Elastic thread in a quantity to last you years is available at craft and sewing stores for significantly less $ than what you pay at a tackle shop for a lesser amount.


----------



## chump (Jul 18, 2005)

Hey Talapia,

Thanks for the tip on the weights. I thought the same thing, but I have a feeling that I'm going to be untangling myself all day long that way. Everyone else casts little weights and let it roll down the current. I guess that's why you said that you just about drop it straight down. 

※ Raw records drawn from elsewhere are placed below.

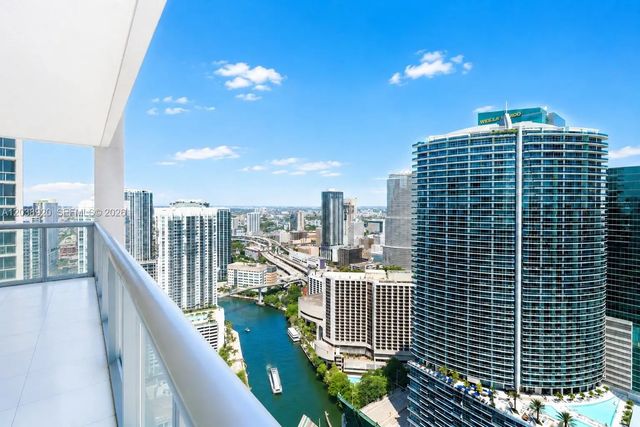 5 of 42 - 475 Brickell Avenue #4315, Miami, FL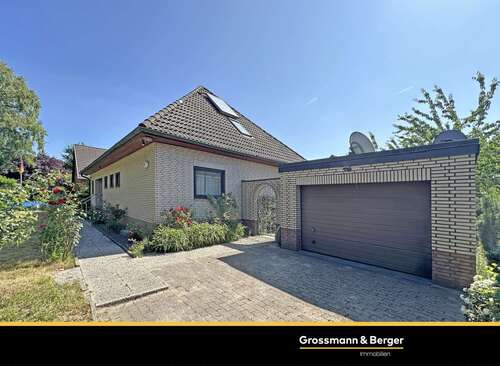 Foto - Haus zum Kaufen in Hamburg 789.000,00 € 233 m²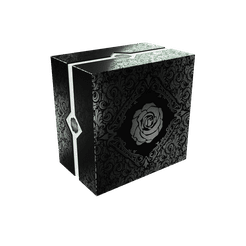 بلک رز وارز: ریبرث Black Rose Wars: Rebirth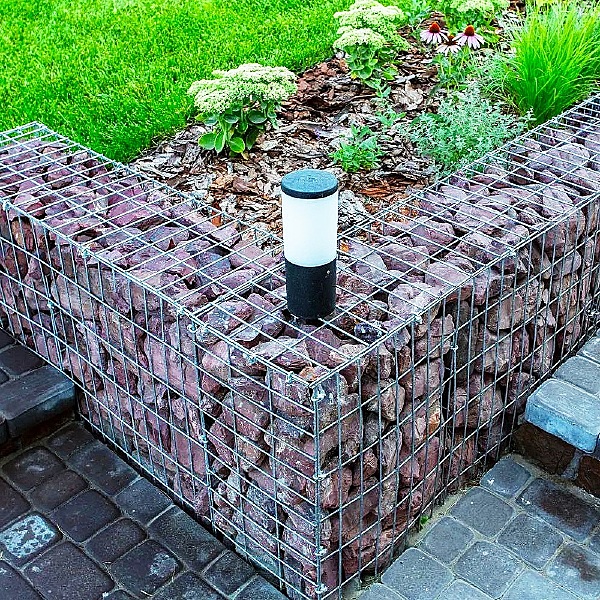 Уличный наземный светильник Amelia DR2.573.000.AYF1R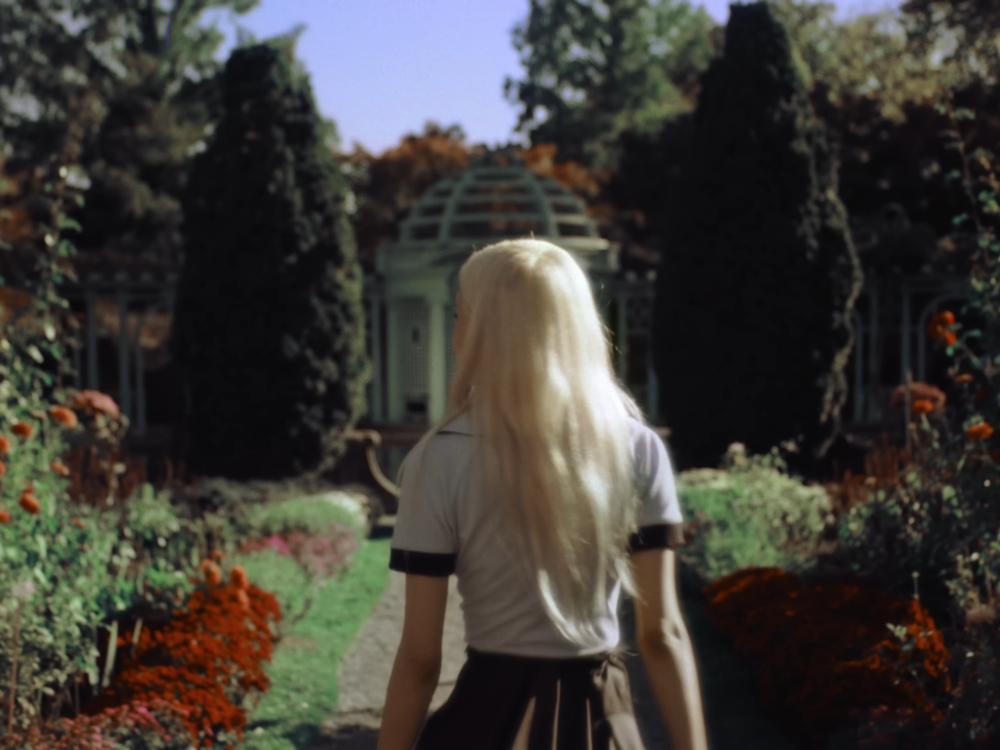 〈Toxic till the end〉MV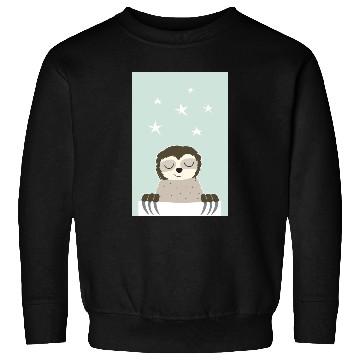 Discover Sloth Dreams Sweatshirts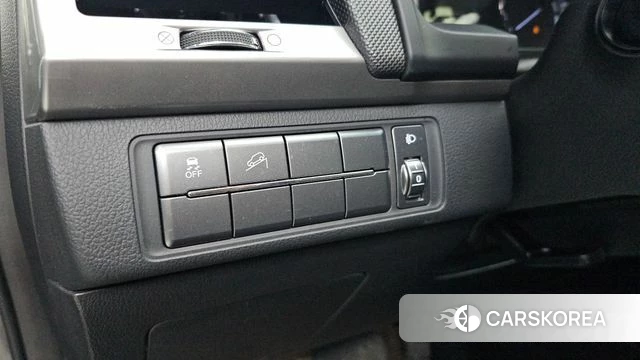 Ssangyong Rexton Sports 2019 Серебристо-серый из Кореи, фото 5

GMinPa, thanks for the tip on tying things on. I started using rubber bands on the peelers and I'll make sure I do the same w/ clams.

Thanks,
Chump


----------



## GMinPA (Oct 7, 2005)

Chump - I forgot to mention that the frozen/salted clam available at b&t's can stay on the hook slightly better than fresh. I still tie 'em on even when using the frozen/salted bait. Old habits die hard.


----------



## chump (Jul 18, 2005)

Hi Everyone,

Thanks for all the tips this past couple of days on Togging. Just one more question. What type of sinkers do you guys use? I now know to use enough to hold so as it won't roll around, but should I be using the round ones, the pyramids? I've been reading and some people have actually bee suggesting the sputniks because the wires will prevent the sinker from getting stuck. Any tips? I think I will go back out there this weekend to try to catch my first non-freshwater fish this year.

Thanks again,
Chump


----------



## vbengr01 (Apr 2, 2005)

*Bank sinkers*

When fishing at IRI, I usually use a simple dropper loop near top of a leader (40 lbs), and 2 - 3 Oz bank sinker at the bottom. No matter how good you are, you will always loose a few rigs. So instead of wasting time and retying rigs, I use a paper clip to hook a sinker and tied the paper clip to the end of the leader. On a good day, I will usually lose a few sinkers, but not the whole rig. Some people like to tie rubberbands at the end, but still, they take too long, and come off easily with a hard pull. Hope this helps. Good fishing....


----------